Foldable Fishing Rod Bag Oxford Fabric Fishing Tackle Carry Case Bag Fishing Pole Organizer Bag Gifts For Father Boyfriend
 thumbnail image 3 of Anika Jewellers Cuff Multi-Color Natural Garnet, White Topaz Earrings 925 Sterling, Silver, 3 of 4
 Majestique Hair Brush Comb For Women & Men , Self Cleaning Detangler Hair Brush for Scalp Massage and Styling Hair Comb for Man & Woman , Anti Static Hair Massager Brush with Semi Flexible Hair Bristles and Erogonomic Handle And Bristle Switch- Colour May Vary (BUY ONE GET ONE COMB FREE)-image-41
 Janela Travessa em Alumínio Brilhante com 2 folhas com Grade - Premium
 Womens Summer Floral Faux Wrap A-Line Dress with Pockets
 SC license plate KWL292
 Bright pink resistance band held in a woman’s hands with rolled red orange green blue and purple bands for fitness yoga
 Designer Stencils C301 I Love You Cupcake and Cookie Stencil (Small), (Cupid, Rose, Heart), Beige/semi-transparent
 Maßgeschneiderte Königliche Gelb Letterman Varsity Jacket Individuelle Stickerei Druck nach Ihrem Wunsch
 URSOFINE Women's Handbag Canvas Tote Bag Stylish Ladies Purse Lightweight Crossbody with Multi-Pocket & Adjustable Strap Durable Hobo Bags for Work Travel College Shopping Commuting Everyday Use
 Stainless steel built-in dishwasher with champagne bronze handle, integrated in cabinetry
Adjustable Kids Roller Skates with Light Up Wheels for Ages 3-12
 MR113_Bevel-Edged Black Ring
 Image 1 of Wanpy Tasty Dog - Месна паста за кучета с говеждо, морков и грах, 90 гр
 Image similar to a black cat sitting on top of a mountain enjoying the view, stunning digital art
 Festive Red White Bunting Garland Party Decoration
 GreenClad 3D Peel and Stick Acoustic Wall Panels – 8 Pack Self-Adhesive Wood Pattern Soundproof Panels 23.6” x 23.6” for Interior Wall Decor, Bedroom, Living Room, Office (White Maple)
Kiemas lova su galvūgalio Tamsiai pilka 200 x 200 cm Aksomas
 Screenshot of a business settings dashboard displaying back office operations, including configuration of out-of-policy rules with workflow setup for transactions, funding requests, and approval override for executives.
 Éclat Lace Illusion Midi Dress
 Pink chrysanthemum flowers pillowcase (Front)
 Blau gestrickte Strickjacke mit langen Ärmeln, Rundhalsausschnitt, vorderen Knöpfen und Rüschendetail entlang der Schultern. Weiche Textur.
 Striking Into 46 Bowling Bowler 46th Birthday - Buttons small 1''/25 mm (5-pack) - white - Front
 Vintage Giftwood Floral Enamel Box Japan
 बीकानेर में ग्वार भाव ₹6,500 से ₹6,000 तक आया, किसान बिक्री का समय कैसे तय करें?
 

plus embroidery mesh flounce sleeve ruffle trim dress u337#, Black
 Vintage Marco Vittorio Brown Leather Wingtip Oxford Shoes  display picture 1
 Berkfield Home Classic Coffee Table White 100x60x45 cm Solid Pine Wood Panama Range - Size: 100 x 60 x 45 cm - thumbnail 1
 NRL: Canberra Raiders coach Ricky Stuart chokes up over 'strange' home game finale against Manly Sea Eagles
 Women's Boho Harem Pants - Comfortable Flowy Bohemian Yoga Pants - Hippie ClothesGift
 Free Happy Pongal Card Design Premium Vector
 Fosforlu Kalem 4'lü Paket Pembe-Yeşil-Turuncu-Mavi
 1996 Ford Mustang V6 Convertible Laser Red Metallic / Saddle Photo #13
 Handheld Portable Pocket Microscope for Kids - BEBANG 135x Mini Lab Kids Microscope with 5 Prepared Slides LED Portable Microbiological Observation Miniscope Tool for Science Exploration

___

▸ **EXERCISE REQUIREMENTS**
"Premium" is the word to look for; copy every line of the data that has it.

▸ **EXPECTED ANSWER**
 Janela Travessa em Alumínio Brilhante com 2 folhas com Grade - Premium
 Free Happy Pongal Card Design Premium Vector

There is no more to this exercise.